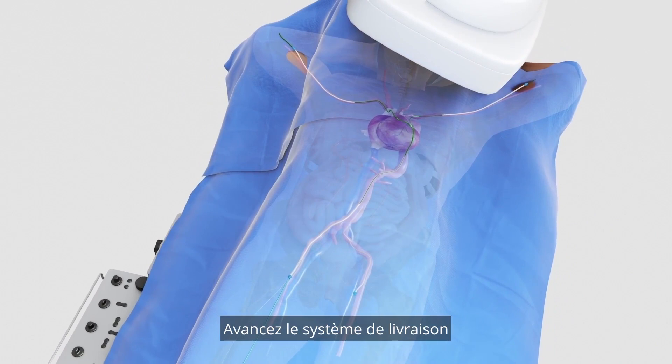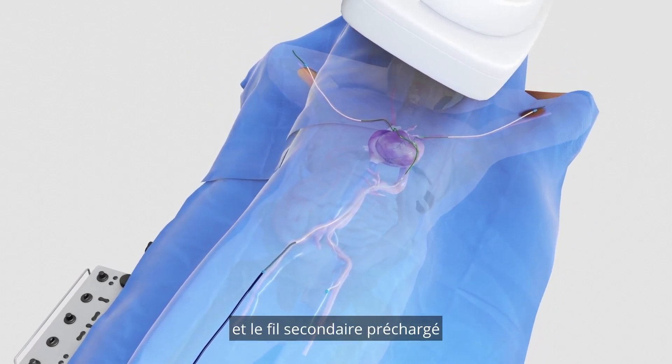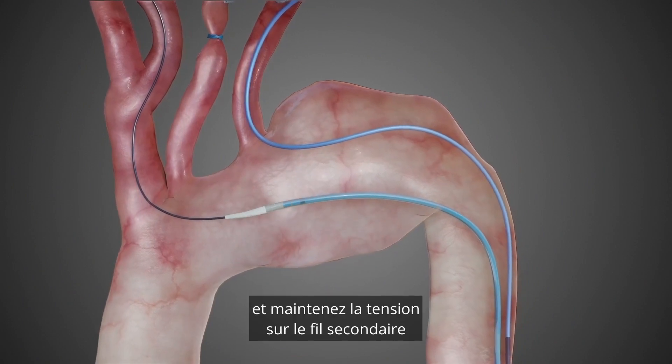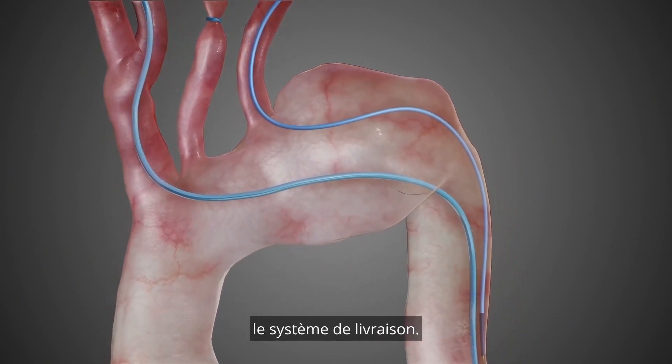Advance the delivery system over the 4mm through and through wire and the preloaded secondary wire into the through and through catheter. Pull the delivery system in place from the 4mm wire and keep the traction on the secondary wire from the left arm while advancing the delivery system.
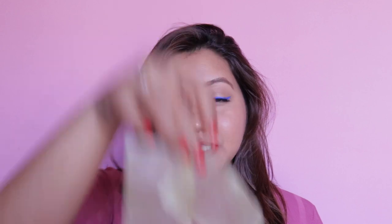Two full blotting sheets later, this is how my makeup looks — and it's actually not that bad at all. It still looks very flawless, nice, and fresh like when I initially applied it. You can still see the blush and everything; the oils have just been blotted away.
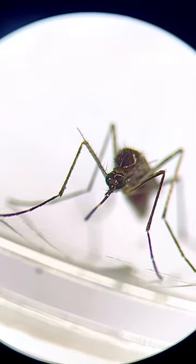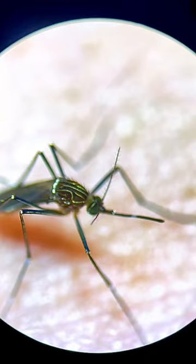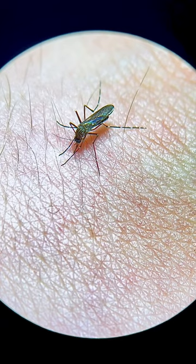This is a mosquito and I let it bite me on purpose. This is what a mosquito bite looks like under the microscope. Mosquitoes have a complex mouth — it is made up of many parts.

########

→ REQUIRED WORK
Only an exact copy of the lines from the one with "Two full blotting" through the last line of the listing should be given; pictures must not be included.

→ EXERCISE OUTPUT
Two full blotting sheets later, this is how my makeup looks — and it's actually not that bad at all. It still looks very flawless, nice, and fresh like when I initially applied it. You can still see the blush and everything; the oils have just been blotted away.
This is a mosquito and I let it bite me on purpose. This is what a mosquito bite looks like under the microscope. Mosquitoes have a complex mouth — it is made up of many parts.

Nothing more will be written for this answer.